INSTRUCTIONS FOR THE TASK -
Only the lines below from the one containing "Item preview, Martini" through the one containing "- Pepsi Varsity" belong in the answer, set down exactly, with the pictures left out.

EXTRACTED INFORMATION -

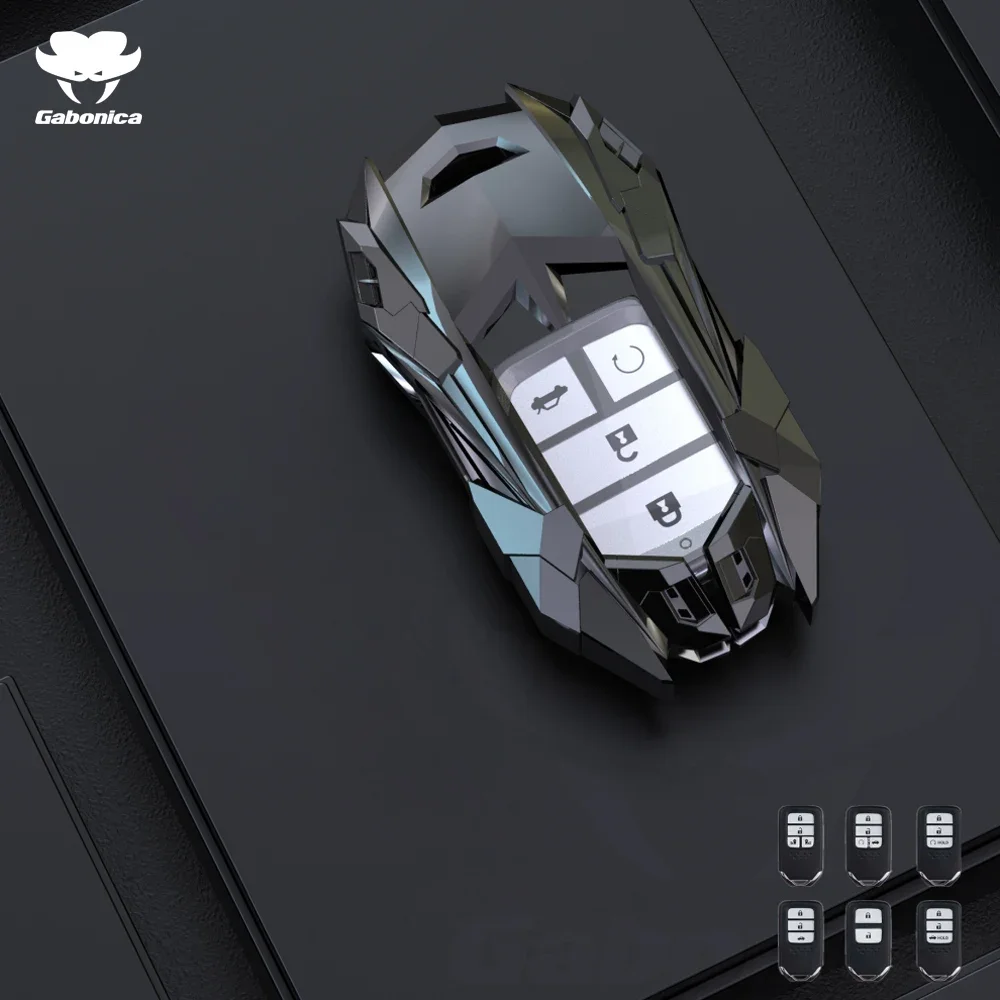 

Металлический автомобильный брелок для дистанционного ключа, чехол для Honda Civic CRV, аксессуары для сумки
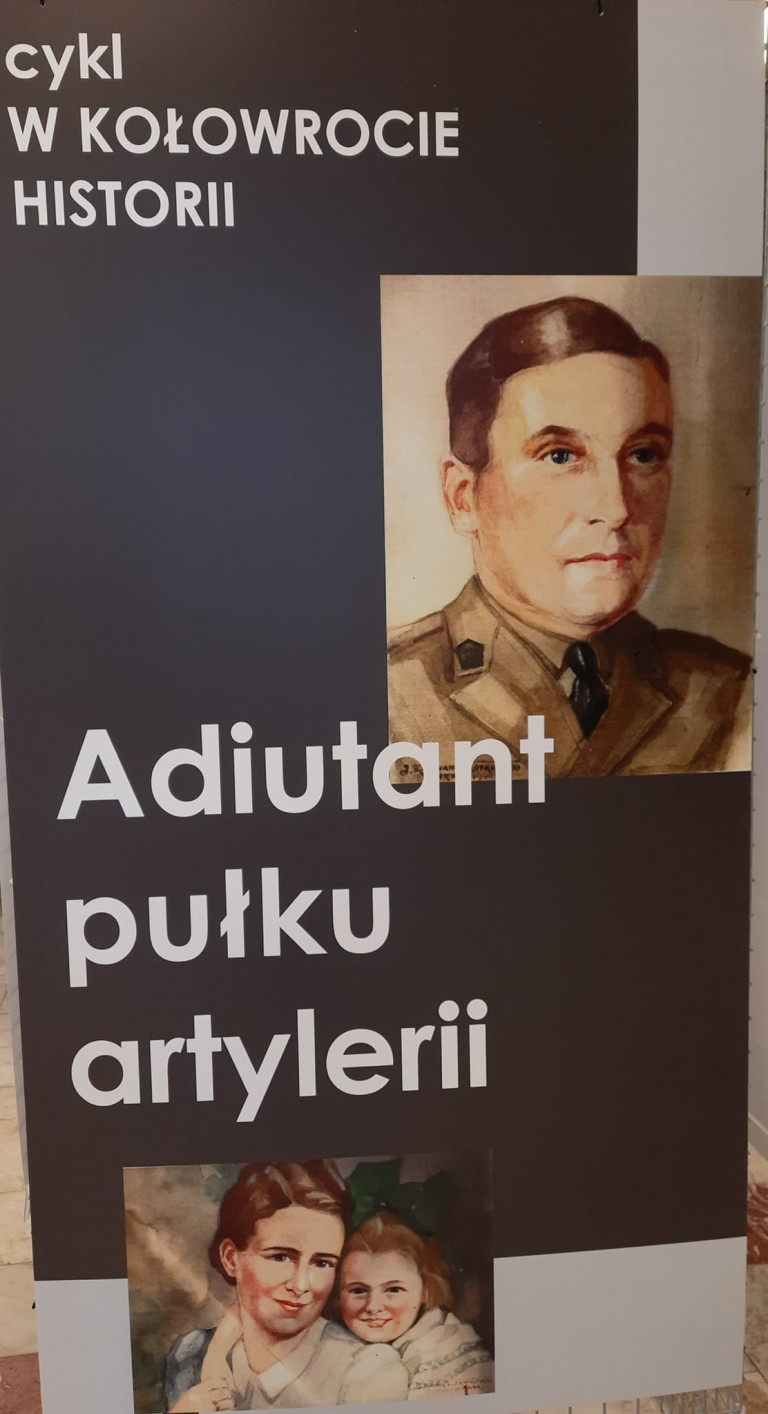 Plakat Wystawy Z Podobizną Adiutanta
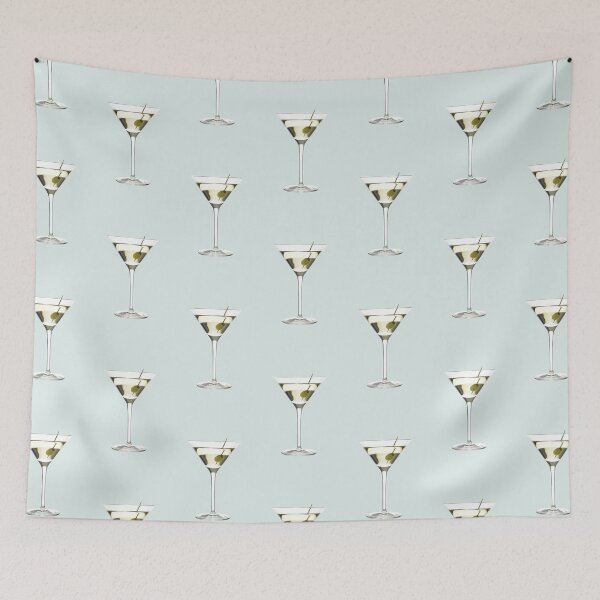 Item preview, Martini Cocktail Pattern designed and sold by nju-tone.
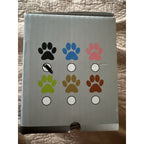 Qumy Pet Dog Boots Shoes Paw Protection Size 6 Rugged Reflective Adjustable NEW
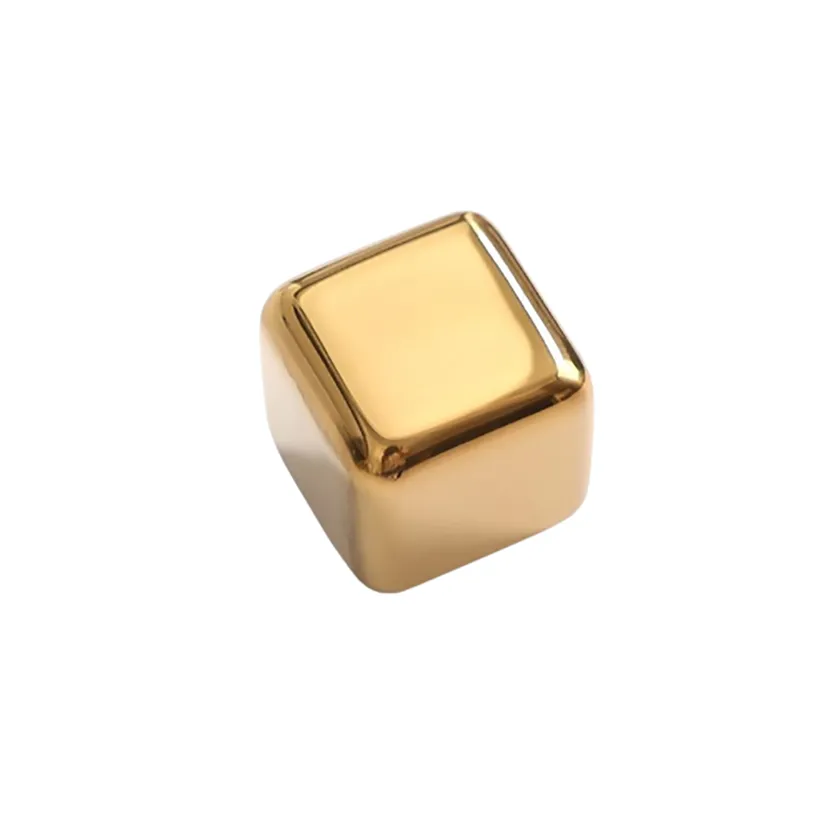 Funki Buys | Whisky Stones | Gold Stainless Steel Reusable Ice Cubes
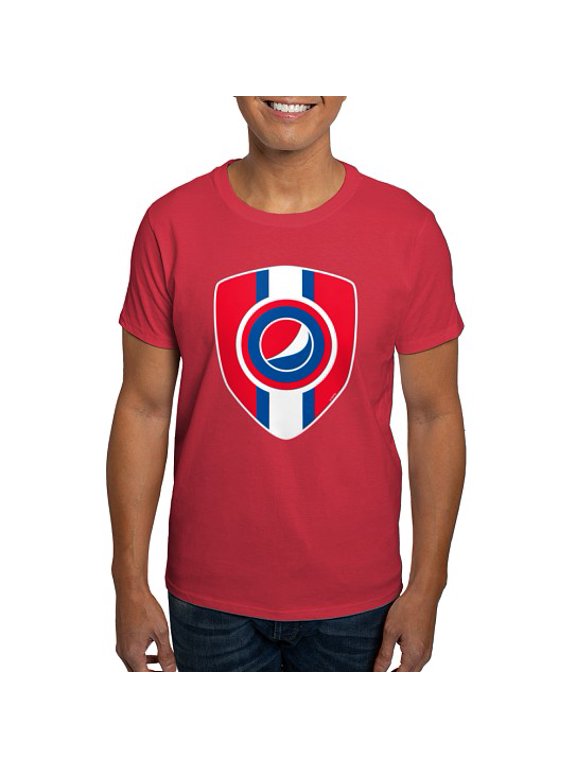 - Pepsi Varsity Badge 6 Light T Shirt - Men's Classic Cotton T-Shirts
...
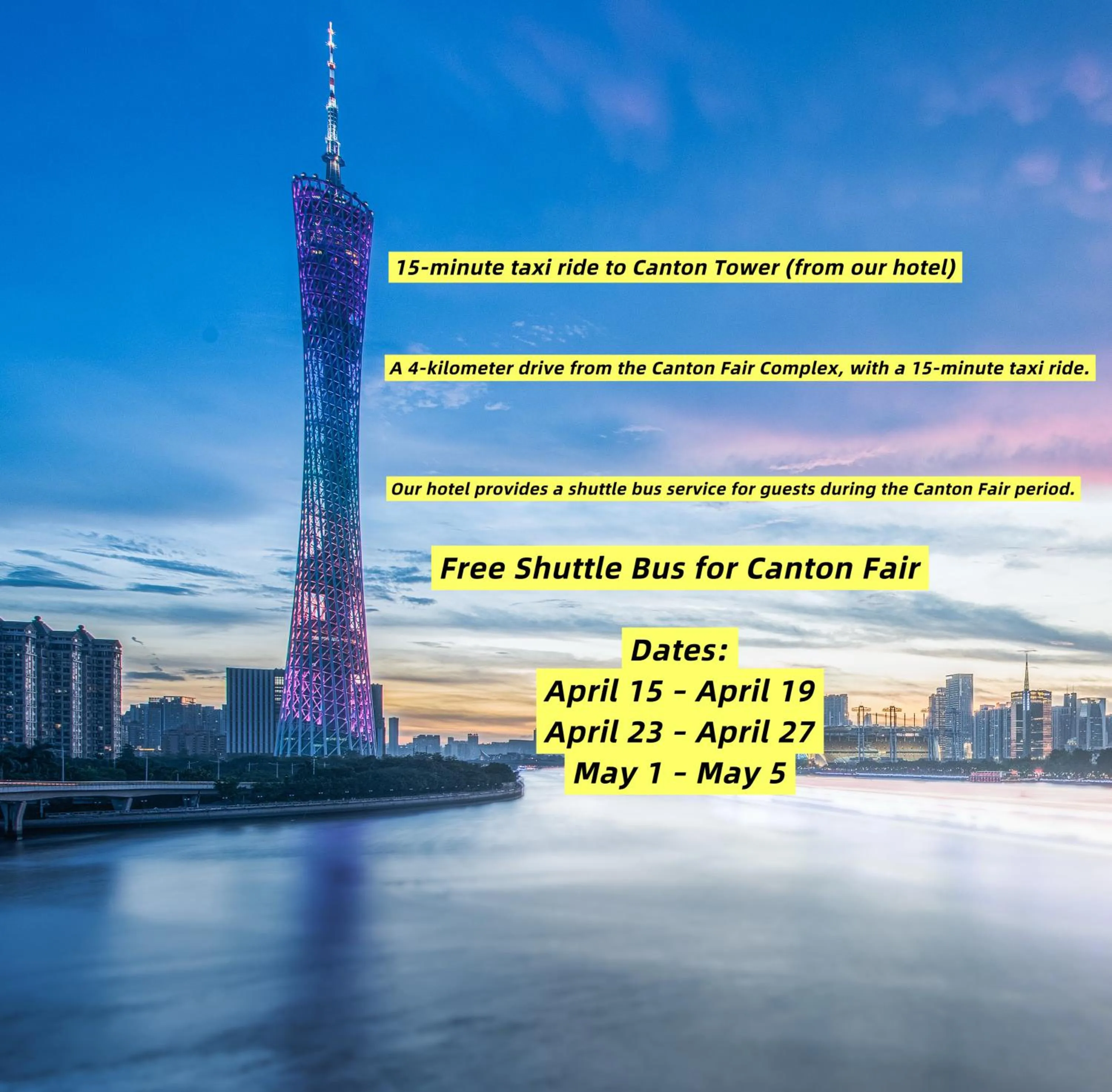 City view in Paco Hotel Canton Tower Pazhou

SOLUTION FOR THIS PROBLEM -
 Item preview, Martini Cocktail Pattern designed and sold by nju-tone.
 Qumy Pet Dog Boots Shoes Paw Protection Size 6 Rugged Reflective Adjustable NEW
 Funki Buys | Whisky Stones | Gold Stainless Steel Reusable Ice Cubes
 - Pepsi Varsity Badge 6 Light T Shirt - Men's Classic Cotton T-Shirts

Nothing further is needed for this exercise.